Just what is the problem with these files? According to research by security firm Embedi, an equation editor used for OLE embedding – EQNEDT32.EXE – had a serious bug that enables hackers to utilize a stack based buffer overflow to execute code remotely. Shocking enough that a large, sophisticated company like Microsoft would miss this – but even more shocking is that this bug has apparently been around for 17 years, traveling with EQNEDT32.EXE since the executable was released in 2000.

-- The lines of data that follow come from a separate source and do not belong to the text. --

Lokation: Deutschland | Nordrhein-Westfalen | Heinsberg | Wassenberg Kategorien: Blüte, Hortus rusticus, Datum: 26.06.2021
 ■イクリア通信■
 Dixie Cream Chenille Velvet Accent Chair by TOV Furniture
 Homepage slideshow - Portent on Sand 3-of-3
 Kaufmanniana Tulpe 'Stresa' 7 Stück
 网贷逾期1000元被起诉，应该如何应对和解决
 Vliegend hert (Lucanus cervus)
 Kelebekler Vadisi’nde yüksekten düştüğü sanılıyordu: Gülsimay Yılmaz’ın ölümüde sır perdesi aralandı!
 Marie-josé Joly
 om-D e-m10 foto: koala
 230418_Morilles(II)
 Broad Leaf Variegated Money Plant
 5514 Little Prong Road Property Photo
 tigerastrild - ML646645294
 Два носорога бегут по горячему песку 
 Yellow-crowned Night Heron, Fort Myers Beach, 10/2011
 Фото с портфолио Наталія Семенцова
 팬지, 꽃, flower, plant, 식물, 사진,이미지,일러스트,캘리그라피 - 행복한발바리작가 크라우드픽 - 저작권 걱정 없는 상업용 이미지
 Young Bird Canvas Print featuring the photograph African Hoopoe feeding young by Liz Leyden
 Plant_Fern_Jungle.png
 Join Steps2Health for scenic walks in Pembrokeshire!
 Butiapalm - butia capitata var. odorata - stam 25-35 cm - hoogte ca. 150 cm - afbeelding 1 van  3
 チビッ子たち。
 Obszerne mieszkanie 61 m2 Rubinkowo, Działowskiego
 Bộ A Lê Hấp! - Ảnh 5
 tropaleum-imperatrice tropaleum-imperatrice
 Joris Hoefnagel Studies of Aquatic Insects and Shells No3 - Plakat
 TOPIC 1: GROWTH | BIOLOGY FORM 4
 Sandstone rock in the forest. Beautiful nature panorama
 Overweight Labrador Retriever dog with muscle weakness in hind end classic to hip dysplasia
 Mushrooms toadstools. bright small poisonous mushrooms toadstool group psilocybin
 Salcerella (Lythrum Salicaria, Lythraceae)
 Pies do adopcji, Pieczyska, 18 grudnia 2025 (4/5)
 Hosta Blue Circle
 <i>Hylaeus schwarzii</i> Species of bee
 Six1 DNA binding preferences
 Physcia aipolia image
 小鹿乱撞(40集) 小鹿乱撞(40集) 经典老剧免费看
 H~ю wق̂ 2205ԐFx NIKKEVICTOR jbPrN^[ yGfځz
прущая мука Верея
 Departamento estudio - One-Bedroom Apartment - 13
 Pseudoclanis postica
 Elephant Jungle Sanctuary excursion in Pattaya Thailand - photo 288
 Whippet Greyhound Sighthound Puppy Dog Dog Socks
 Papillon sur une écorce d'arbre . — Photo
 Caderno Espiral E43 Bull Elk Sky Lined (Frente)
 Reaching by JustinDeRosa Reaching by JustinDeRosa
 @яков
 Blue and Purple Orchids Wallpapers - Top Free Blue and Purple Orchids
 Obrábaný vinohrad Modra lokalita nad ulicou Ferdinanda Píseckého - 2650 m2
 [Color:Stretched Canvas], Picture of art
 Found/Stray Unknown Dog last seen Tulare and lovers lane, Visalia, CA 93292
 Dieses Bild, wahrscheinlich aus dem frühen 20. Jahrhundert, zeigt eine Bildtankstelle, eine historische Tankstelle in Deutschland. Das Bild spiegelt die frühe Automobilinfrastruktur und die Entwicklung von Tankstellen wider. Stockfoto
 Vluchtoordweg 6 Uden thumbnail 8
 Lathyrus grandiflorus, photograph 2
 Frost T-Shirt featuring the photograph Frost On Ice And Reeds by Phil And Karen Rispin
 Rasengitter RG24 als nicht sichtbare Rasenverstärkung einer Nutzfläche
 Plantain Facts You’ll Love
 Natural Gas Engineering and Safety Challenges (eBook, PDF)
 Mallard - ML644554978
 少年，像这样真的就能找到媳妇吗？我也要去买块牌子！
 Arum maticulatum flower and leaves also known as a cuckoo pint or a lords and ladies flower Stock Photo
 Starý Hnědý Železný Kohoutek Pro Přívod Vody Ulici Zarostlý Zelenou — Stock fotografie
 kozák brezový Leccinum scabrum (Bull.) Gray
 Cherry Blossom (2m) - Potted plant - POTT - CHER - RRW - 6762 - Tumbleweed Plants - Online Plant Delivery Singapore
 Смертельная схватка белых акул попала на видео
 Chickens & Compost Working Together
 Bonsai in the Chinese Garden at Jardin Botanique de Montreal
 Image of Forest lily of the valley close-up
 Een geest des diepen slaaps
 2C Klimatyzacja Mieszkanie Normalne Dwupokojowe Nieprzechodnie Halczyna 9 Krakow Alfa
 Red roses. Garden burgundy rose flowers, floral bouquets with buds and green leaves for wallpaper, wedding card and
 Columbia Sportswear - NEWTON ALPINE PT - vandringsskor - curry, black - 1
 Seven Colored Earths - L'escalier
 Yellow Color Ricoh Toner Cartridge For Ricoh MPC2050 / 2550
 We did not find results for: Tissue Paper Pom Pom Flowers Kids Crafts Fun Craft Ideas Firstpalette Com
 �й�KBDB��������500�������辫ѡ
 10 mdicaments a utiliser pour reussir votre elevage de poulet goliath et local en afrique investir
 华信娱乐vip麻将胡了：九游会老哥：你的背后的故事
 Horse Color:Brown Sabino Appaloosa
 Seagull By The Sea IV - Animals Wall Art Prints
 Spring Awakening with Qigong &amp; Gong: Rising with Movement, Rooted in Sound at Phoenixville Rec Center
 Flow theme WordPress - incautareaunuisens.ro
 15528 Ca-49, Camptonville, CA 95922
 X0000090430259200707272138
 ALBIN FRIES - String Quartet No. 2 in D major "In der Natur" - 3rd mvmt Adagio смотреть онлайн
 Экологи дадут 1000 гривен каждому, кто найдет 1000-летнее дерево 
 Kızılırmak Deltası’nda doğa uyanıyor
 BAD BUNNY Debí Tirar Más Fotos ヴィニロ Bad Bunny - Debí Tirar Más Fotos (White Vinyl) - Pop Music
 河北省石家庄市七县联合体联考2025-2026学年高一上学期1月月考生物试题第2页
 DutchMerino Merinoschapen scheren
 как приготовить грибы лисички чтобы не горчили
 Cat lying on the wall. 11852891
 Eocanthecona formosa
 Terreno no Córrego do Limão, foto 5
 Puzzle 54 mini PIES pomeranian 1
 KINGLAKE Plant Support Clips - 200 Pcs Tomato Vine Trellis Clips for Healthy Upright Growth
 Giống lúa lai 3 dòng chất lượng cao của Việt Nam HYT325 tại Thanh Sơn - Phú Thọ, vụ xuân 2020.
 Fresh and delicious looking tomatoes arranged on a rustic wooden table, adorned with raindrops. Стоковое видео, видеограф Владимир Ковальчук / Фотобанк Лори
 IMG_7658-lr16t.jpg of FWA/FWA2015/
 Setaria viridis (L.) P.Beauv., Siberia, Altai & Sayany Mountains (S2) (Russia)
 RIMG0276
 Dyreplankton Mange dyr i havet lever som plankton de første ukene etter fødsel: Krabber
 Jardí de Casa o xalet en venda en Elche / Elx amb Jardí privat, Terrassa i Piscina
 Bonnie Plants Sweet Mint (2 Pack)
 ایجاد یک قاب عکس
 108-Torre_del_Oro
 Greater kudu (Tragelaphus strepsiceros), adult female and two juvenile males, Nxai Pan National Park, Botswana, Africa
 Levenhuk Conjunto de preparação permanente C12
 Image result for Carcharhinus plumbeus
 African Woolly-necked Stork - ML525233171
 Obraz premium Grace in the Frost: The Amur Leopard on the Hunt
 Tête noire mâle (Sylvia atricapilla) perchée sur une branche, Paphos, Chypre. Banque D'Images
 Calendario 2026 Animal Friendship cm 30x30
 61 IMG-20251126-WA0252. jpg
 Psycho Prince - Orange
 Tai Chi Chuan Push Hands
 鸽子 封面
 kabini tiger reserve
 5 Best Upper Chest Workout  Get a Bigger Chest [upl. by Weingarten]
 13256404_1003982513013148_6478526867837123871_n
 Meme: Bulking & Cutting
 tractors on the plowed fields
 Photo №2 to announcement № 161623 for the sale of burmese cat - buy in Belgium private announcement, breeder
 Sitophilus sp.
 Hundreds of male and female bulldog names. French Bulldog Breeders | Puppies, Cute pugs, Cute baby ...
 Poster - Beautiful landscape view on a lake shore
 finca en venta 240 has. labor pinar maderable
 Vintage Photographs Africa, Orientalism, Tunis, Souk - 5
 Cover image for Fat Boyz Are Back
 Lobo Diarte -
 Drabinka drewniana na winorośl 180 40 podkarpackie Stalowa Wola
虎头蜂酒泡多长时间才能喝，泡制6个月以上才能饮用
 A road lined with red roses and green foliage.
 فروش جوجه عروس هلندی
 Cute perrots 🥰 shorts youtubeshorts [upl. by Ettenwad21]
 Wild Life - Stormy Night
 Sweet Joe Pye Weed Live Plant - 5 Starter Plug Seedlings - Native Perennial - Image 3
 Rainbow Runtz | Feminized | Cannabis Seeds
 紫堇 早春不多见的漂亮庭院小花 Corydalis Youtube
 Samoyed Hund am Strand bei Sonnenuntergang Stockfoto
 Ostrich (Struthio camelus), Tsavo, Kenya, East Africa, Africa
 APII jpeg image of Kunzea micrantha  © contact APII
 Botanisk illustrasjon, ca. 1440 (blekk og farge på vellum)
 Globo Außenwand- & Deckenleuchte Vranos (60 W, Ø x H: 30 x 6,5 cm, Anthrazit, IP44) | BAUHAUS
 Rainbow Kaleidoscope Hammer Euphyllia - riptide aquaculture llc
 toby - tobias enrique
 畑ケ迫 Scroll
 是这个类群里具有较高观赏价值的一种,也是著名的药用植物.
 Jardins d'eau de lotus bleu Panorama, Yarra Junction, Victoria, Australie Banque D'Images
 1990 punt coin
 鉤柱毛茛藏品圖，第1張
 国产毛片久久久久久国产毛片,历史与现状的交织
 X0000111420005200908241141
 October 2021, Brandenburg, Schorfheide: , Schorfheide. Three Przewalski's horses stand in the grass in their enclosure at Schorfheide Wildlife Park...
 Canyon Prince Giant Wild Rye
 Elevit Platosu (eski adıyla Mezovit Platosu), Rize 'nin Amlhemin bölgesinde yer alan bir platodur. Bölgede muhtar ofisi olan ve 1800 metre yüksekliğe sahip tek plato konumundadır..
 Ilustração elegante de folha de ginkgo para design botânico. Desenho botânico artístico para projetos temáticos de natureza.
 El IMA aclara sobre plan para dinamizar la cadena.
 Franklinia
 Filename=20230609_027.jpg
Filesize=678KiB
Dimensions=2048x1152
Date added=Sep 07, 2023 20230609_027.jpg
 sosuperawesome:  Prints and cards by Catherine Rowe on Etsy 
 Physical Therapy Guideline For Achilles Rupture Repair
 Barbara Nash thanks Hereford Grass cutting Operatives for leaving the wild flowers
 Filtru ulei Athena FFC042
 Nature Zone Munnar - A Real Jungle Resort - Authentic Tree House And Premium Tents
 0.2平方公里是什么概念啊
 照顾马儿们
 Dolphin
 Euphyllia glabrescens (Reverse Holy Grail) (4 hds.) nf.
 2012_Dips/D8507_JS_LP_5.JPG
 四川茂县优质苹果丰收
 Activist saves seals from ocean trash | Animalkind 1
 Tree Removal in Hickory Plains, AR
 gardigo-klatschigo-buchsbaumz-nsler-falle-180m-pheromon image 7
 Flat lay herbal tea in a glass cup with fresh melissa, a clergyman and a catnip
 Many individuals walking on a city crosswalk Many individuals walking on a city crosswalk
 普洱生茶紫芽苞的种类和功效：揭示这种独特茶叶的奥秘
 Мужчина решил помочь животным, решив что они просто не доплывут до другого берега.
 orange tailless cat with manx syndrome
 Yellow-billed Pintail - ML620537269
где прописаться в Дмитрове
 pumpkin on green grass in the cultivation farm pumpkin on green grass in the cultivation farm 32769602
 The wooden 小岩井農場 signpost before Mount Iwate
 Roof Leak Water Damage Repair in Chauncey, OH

Even worse; a patch for the problem was apparently bungled by MS staff – the patch was applied to the binary directly rather than the component’s source code (rumor has it that the original source code was lost) – and as a result the original source code remained intact for backward compatibility purposes, so nothing was really solved. In the end, Microsoft was forced to retire the executable – but legacy documents are still vulnerable.
Named CVE–2017–11882, the bug allowed full remote code execution due to several missing components (ASLR/ DEP/ stack canaries protection). The bug has reportedly been used by several hacker groups, including an Iranian cyber-espionage group, which carried out its attacks after MS issued the original patch for the bug. Further tests revealed yet another, similar bug in the code called CVE-2018-0802. With the spotlight turned on EQNEDT32.EXE, the second bug was discovered independently by seven different firms, including Check Point , Qihoo 360, Tencent PC Manager and ACROS Security.
The fact that the bug is 17 years old means that millions of documents are vulnerable, and as the original code is apparently non-repairable, advice has appeared on hundreds of web sites, user forums, Twitter discussions, Facebook pages, and other venues discussing ways to protect systems from the vulnerabilities. Most of the solutions involve monkeying around with the Windows registry – recommended only for those who know their way around it, and a last resort even for them.
Because of the ubiquity of the problem, the EQNEDT32.EXE scandal is the cause of major discomfort among IT staff in many organizations – but Votiro customers could be forgiven for being ignorant of the whole mess. That’s because Votiro’s CDR technology breaks down files into distinct components and removes anything that does not match a file’s specification or calls code or connections that are not typical to the profile of the item.
Thus, an embedded OLE object that contains a vulnerability that could be exploited would be removed by CDR technology before it gets to the user. The vulnerability is extracted and the file is reconstructed without it – a fully functioning file that works the way it is supposed to, sans threat. Votiro’s CDR technology has been sanitizing equations for a long time before the whole equation fiasco broke loose, which means that our customers didn’t have to think twice before opening documents – even documents that are the “victims” of a 17 year old lapse in security by Microsoft.